# DS-SF-27 | Unit Project 4: Notebook with Executive Summary

In this project, you will summarize and present your analysis from Unit Projects 1-3.

In [2]:
import os

import numpy as np
import pandas as pd
pd.set_option('display.max_rows', 10)
pd.set_option('display.max_columns', 10)
pd.set_option('display.notebook_repr_html', True)

import statsmodels.formula.api as smf

from sklearn import linear_model

In [3]:
df = pd.read_csv(os.path.join('..', '..', 'dataset', 'ucla-admissions.csv'))
df.dropna(inplace = True)

> ## Question 1.  Introduction
> Write a problem statement for this project.

Answer: Using data from the UCLA admissions dataset, determine if there is an association between admission into UCLA and a students high school prestige.

> ## Question 2.  Dataset
> Write up a description of your data and any cleaning that was completed.

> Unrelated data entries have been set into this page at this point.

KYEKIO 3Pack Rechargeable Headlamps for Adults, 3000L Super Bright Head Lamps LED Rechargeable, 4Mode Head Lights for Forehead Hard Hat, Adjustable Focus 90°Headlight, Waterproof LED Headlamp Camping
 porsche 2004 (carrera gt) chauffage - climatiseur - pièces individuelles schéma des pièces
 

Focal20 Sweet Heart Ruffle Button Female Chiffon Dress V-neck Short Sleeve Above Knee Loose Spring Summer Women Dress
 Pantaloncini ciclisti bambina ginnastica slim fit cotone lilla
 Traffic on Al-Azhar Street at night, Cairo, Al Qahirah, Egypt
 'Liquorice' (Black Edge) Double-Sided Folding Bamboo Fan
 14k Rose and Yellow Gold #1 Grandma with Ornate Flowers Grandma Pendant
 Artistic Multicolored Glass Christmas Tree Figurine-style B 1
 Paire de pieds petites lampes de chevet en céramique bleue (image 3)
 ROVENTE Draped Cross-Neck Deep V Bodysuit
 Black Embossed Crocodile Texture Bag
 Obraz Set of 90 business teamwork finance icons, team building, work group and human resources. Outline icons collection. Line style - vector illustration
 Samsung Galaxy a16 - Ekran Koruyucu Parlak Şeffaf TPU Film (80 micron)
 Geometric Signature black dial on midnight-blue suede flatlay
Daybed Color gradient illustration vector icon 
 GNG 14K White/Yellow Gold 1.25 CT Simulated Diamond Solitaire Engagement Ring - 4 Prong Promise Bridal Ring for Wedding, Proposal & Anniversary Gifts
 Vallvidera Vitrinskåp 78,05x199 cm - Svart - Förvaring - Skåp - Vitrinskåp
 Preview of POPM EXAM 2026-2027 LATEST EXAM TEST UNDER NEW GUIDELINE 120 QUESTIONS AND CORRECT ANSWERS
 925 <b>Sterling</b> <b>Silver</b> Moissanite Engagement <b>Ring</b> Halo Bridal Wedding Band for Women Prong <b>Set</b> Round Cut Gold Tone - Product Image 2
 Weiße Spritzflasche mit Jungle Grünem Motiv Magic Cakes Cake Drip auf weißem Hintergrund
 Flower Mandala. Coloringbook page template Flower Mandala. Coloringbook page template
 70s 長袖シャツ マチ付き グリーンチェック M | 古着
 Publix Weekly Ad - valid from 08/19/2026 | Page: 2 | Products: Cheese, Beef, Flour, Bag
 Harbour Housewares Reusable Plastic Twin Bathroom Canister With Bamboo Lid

Answer: The dataset had 400 observations initially and was reduced to 397 once I removed observations that were not a number. The dataset included the four variables shown below.

Variable | Description | Type of Variable
---|---|---
`admit` | 0 = Not admitted, 1 = Admitted | Categorical
`gre` | GRE (range: 200-800) | Continuous
`gpa` | GPA (range: 0-4.0) | Continuous
`prestige` | 1 = Highest prestige, 2, 3, 4 = Not prestigious | Categorical

> ## Question 3.  Demo
> Provide a table that explains the data by admission status.

Answer:

In [4]:
pd.crosstab([df.prestige, df.gre, df.gpa], df.admit)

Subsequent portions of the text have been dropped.